/ Modified feb 15, 2022 2:51 p.m.

Arizona House votes to raise school spending limit

Senate must pass similar resolution before March to prevent $1.1 billion in budget cuts.

360 empty school desks An empty classroom at Gridley Middle School in Tucson. November 2020.
AZPM Staff
Gavel to Gavel: The Arizona Legislature

Gavel to Gavel for the week of February 14, 2022

NPR

The Arizona House of Representatives voted Tuesday to lift a cap on school district spending and avert $1.1 billion in budget cuts to public education.

The vote came as legislators face a deadline at the end of the month to either rally the bipartisan supermajorities needed to lift the spending cap or prompt spending cuts that school officials say would lead to layoffs and bigger class sizes.

In Tucson Unified School District, which stands to lose $58 million, the resulting cuts would be noticeable.

"The class sizes that we know today would be very, very difficult to maintain and that would lead to a disturbing trend of larger class sizes, harder to get teachers to work in those kinds of conditions, harder to keep parents who may opt to go some place that offer smaller class sizes," said Tucson Unified School District Superintendent Gabriel Trujillo.

The superintendent added that it be difficult to sustain funding for programs in the arts, sports and transportation.

"We would not be able to escape this without having to make personnel cuts," he said.

But Tuesday's 45-14 vote does not take cuts entirely off the table.

The Senate must pass a similar resolution. That 14 Republicans voted against the measure in the House — including several from Southern Arizona — suggests there is still plenty of opposition.

At the heart of the debate is the aggregate expenditure limit, a cap on school spending voters put into the state constitution over 40 years ago.

The limit is based on a few different factors, such as student enrollment and tax revenue.

And this year, several issues have collided to put districts over the cap.

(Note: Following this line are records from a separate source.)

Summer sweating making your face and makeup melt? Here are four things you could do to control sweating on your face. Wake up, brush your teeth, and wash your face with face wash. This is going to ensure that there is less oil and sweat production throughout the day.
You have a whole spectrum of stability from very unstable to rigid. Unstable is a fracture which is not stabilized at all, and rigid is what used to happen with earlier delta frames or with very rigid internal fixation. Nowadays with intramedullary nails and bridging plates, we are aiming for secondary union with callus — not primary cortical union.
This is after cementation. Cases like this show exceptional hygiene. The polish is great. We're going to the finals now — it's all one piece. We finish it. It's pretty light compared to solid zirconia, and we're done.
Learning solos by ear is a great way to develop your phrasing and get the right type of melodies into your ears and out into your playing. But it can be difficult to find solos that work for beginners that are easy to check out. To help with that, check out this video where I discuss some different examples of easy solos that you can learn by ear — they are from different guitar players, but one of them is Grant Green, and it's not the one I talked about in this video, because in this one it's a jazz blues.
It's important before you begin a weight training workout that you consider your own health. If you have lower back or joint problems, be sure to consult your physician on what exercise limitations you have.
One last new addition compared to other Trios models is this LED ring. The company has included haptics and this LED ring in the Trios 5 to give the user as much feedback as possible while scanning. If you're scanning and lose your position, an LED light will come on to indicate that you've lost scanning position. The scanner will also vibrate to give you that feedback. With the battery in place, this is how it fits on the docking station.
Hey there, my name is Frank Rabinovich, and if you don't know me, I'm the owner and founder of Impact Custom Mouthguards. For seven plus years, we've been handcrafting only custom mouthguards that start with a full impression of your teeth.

The pandemic has flummoxed enrollment numbers. Meanwhile, a sales tax that voters approved for education didn't use to count towards the limit. But now it does.

Trujillo said he is surprised the Legislature has not addressed the issue sooner, even when lawmakers could have foreseen the problem well before they gaveled into session in early January.

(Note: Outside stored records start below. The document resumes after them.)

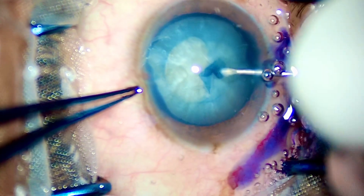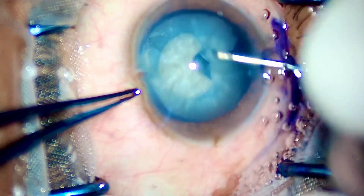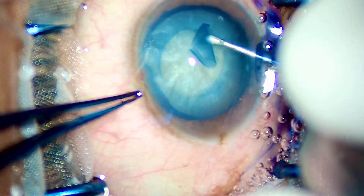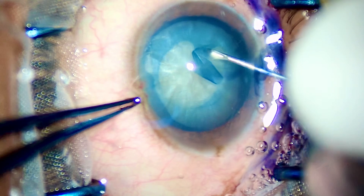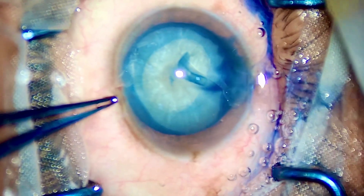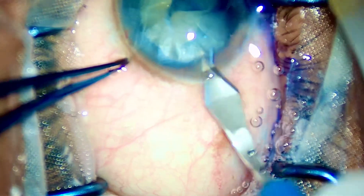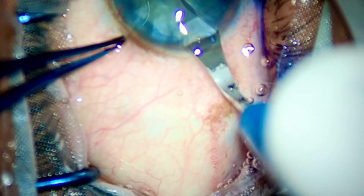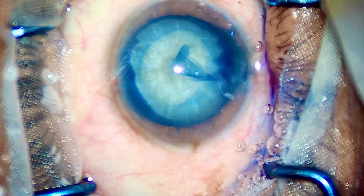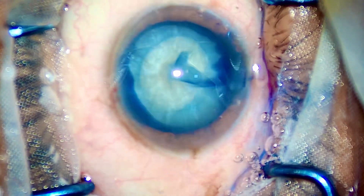Starting with the case, I have made two side ports and I have started a decently sized rhexis. It is not a big rhexis, but it is adequately sized — it is 4 to 4.5 millimeters. It would have been a little bigger and I would have been more comfortable if it were in the range of 5 millimeters, considering the hardness of the cataract, but nevertheless it's a good sized rhexis.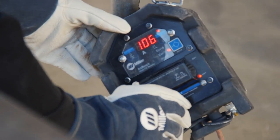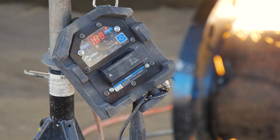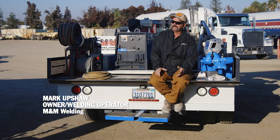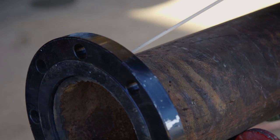Before ArcReach, we couldn't use any of the soft or stiff settings without coming back to the machine. So we would set our machine on a base level 0 and 120 amps. That allowed us to use 1/8 inch 7018 and 5/32 6010.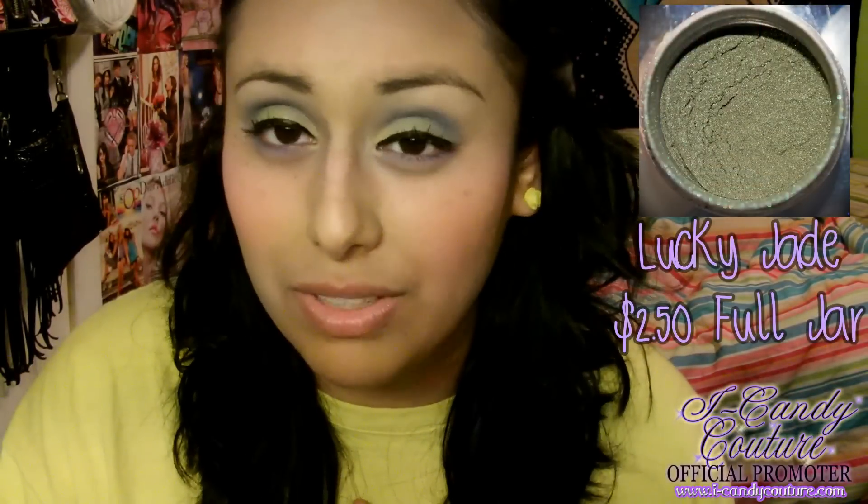Right now they're also having a pigment of the month and jewelry of the month. The pigment of the month is called Lucky Jade — I think it's like $2.50 for the full gram jar. They also have the jewelry of the month, which is the twisted woven earrings in hot pink and red, and they're only four dollars, originally like six something.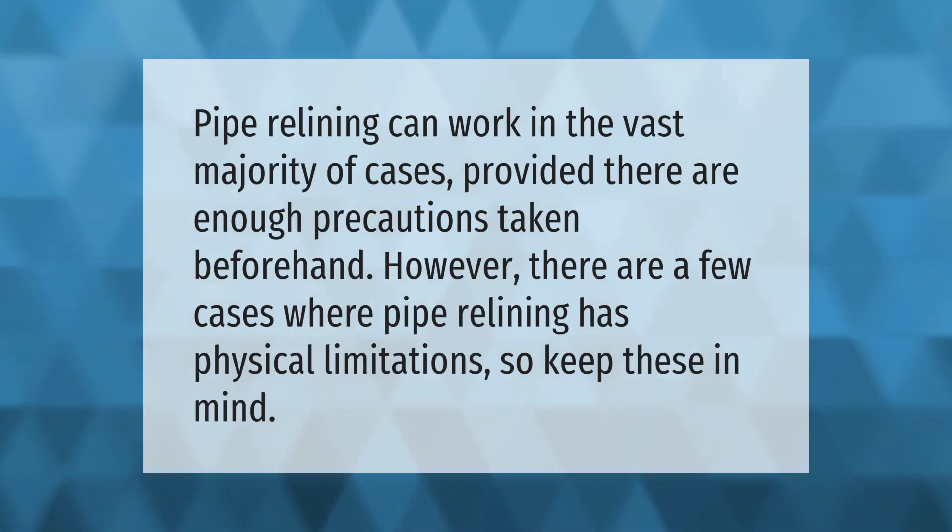Pipe relining can work in the vast majority of cases, provided there are enough precautions taken beforehand. However, there are a few cases where pipe relining has physical limitations, so keep these in mind.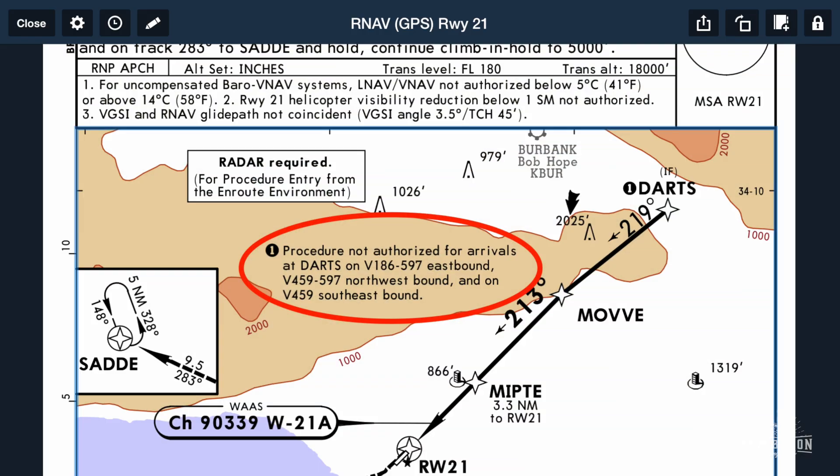Before I bring in that smarter, more experienced, more talented pilot to help answer that question, let me set this up so we're all on the same page. Here's the RNAV21 approach that Shane is referring to. You'll note right there in the red circle it says 'procedure not authorized for arrivals at DARTS on Victor 186/597 eastbound, Victor 459/597 northwestbound, and on the Victor 459 southeastbound leg.' You'll also notice that radar is required for procedure entry from the en route environment on the RNAV21 approach.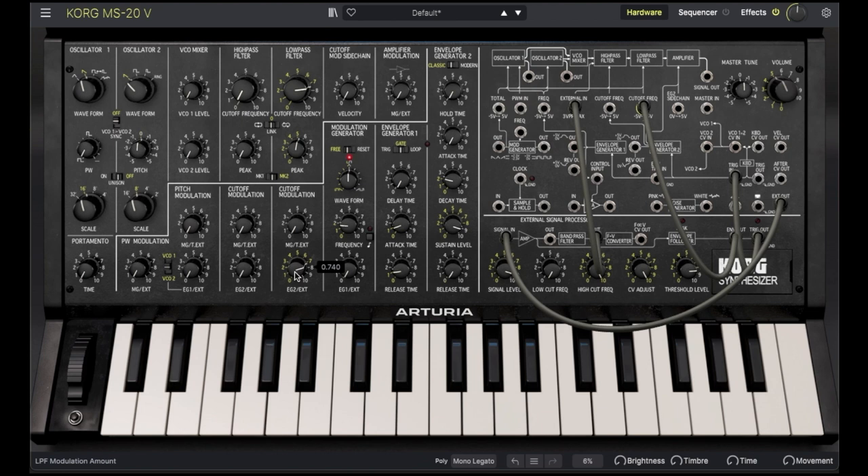Turn up external modulation. It takes a bit of tuning to get the parameters right. Notice how the filter frequency changes with vibrato for a very expressive sound. We can patch the envelope follower to the high-pass filter as well.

"To have a statute of this magnitude, with this metric ignored and not caught during the budget making process to me is just — I'm bewildered," he said.

Lawmakers have suspended the spending cap before.

But this year, the issue is bogged down in political wrangling. Some lawmakers want to tie the issue to an expansion of the state's school voucher program or to Proposition 208 — the surcharge on high income earners voters approved in 2020 to fund education. Then there are the politics that have engulfed school boards over the past years — masks, critical race theory, and more.

Still, the irony isn’t lost on some lawmakers that even after arguing to keep schools open during the pandemic, they might fail to keep them open due to funding.

“We’re saying ‘we’re going to mandate you keep schools open but 'sorry, you have to close the schools now because we can’t fund them,'" said state Rep. Joel John, a Republican from Buckeye and former teacher.

John said he supports raising the cap and added that it is time for the state to look at long-term changes to the spending limit, too.

"I think the best thing is just to do a long term fix. The expenditure limit has been in place for 40 years and it's not needed," he said.

But the measure approved by the House on Tuesday would not offer a permanent fix.